A.輪地切り・輪地焼きは、野焼きをする際の避難場所や、森林や私有地に延焼を防ぐための防火帯のことをいいます。草原の端っこに草が刈ってある場所があります。それが輪地切りです。そして輪地切りを行った約2週間後に輪地焼きを行います。草千里では一部建物があり、輪地焼きができないところがあるので、輪地切りだけ行います。。余談ですが、輪地焼きの時にジェットシューターで火を消すときに誤って友達の顔面に水をかけてしまった経験があります(笑)

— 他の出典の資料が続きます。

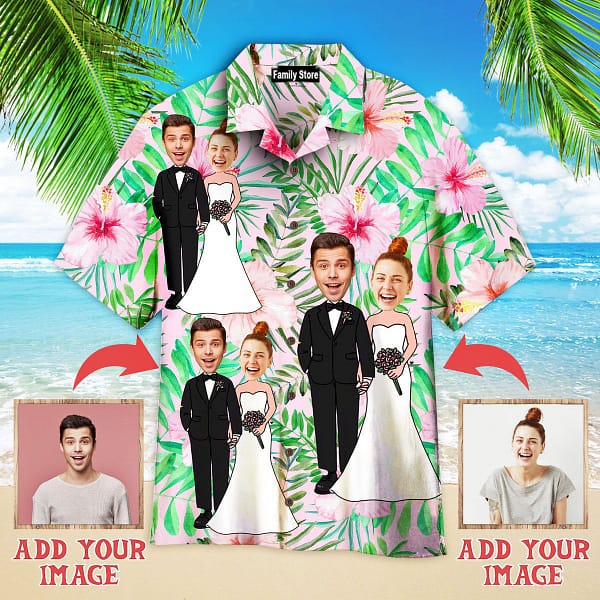 Funny Custom Face Happy Wedding Couple On Tropical Flowers Custom Hawaiian Shirt hacus1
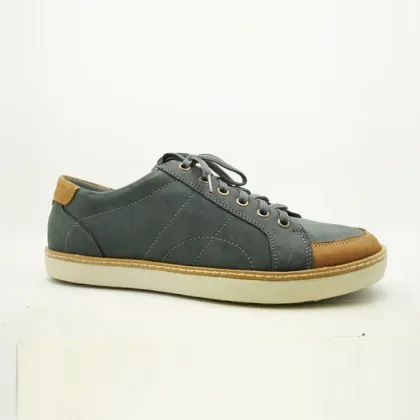 factory export directly soft nubuck upper color match men leather snickers shoes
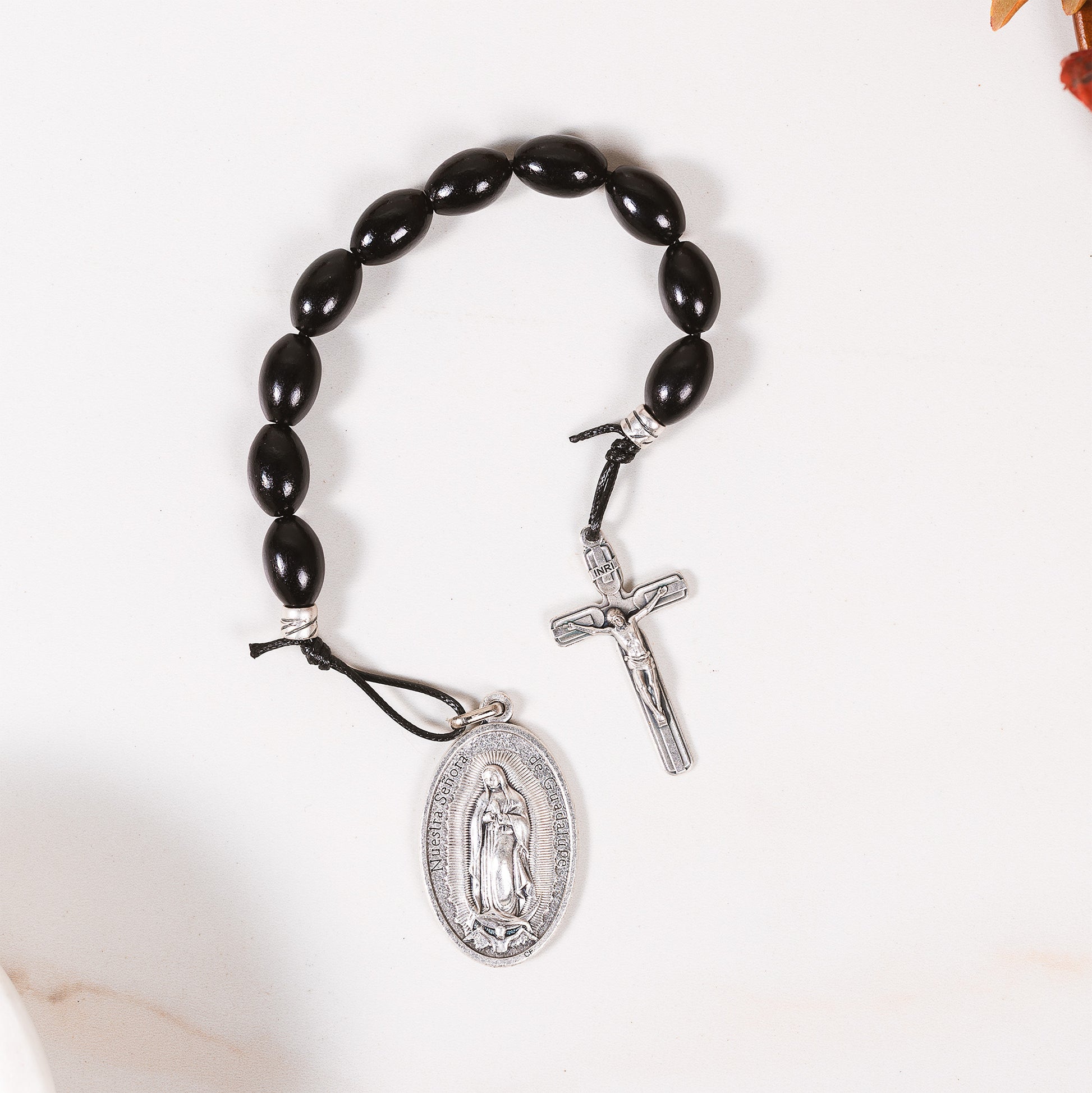 Dark Brown St. Joseph One Decade Rosary Tenner & Prayer Card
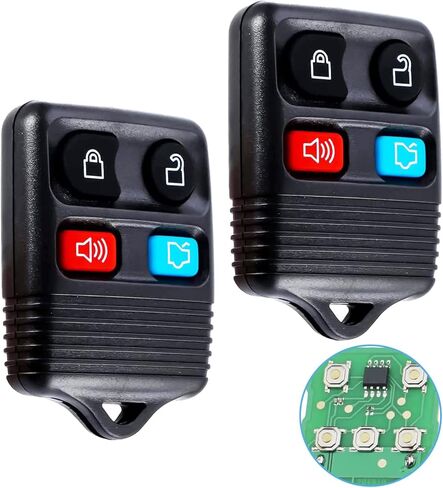 2pc استبدال الإدخال غير مفتاح المفتاح البعيد FOB FOB Transmitter For Ford 1998-2016 F-150 F-250 F-350 ، Mazda ، Mercury ، Lincoln-3 Button in Saudi Arabia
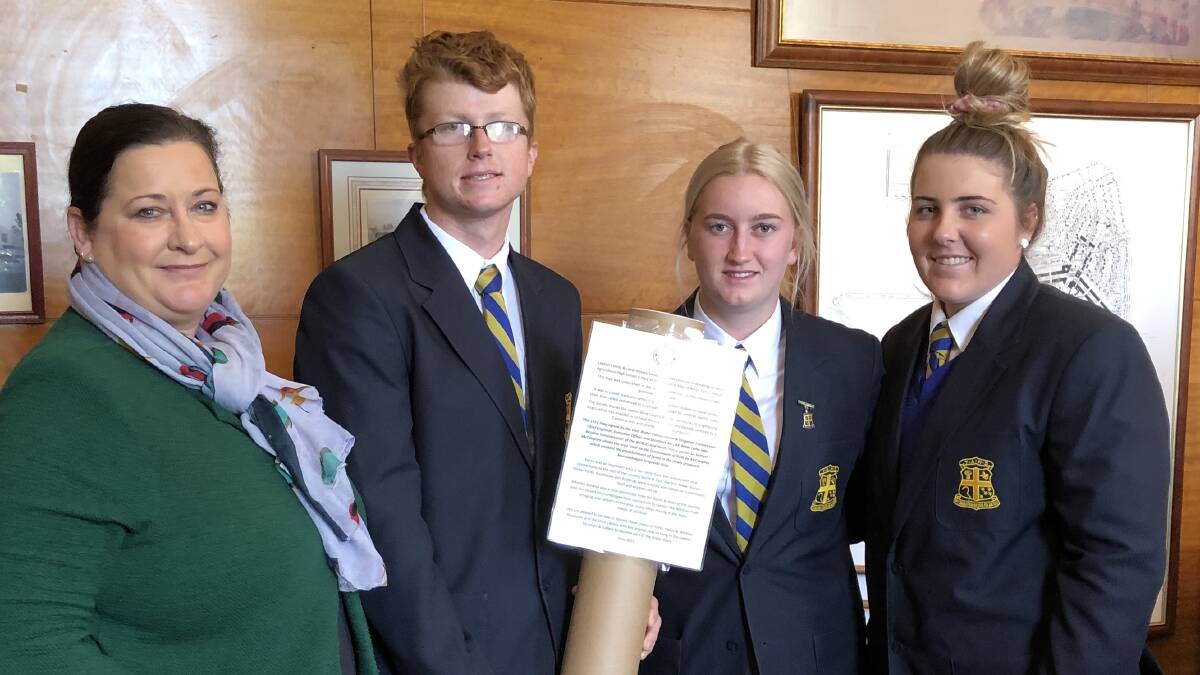 GRATEFUL FOR THE DONATION: Teacher Rebecca Ormond with her students from Yanco Agricultural High School, Mitchell Whyte, Eliza Jurrle and Isabella Whitehead. PHOTO: Contributed 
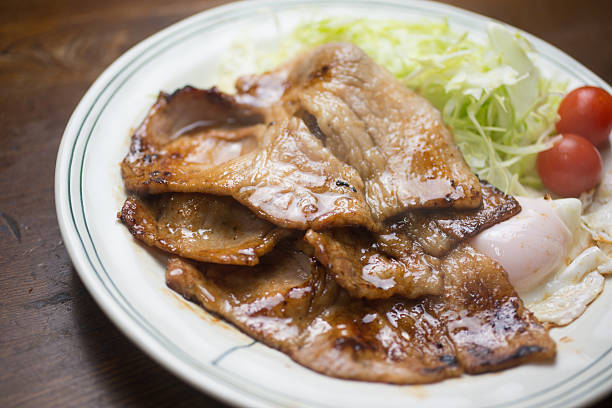 Pork Shogayaki (豚の生姜焼き) is a simple but popular dish in Japanese cuisine. Shoga means ginger, and yaki means grill or fry. Fresh ginger is an important ingredient as it is often used in Japanese cooking. Common main ingredients in shogayaki are beef or pork. Pork shogayaki is the most popular.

阿蘇の秋は「すすき」の草原になります。阿蘇の紅葉と言ったら「すすき」黄金色に輝くすすきはとても優雅で穏やかに踊っています。阿蘇の至る所で見ることができますが、特に県道11号線通称やまなみハイウェイはドライブが楽しいですよ♪見渡す限りすすきの草原に囲まれていて、壮大な景色に包まれます。
Q.野焼きと輪地切り・輪地焼きはとてもきついですか。
A.もちろん、肉体労働でもあり神経を使うのでとても過酷な労働でもあります。また、火や機械を使うので危険が生じます。しかし、阿蘇の草原を守るのだという使命感があればきつさなど二の次です。
私自身、野焼きや輪地切り・輪地焼きをした翌日には筋肉痛で動けませんでしたが、とてもやりがいを感じました。また、実習の帰りのバスから望む米塚の野焼きは絶景でした。終わった後に入った温泉と食事は格別でした。
冬.白銀の世界
Q.雪はどのくらい降るんですか?
A.阿蘇の最も降雪量の多い月は1月であり、平均降雪量は41㎜です。余談ですが、阿蘇の気温は東北と大して変わりません。
このように、サイクルを繰り返すことで、日本一の面積を誇る阿蘇の草原を維持しています。近年では、少子高齢化や畜産農家の減少により草原を維持することが難しくなっています。これからも、野焼き見学ツアーやブログなどを通して、阿蘇の草原の魅力や、野焼きをはじめとする草原維持活動の大切さを発信していきたいと思います。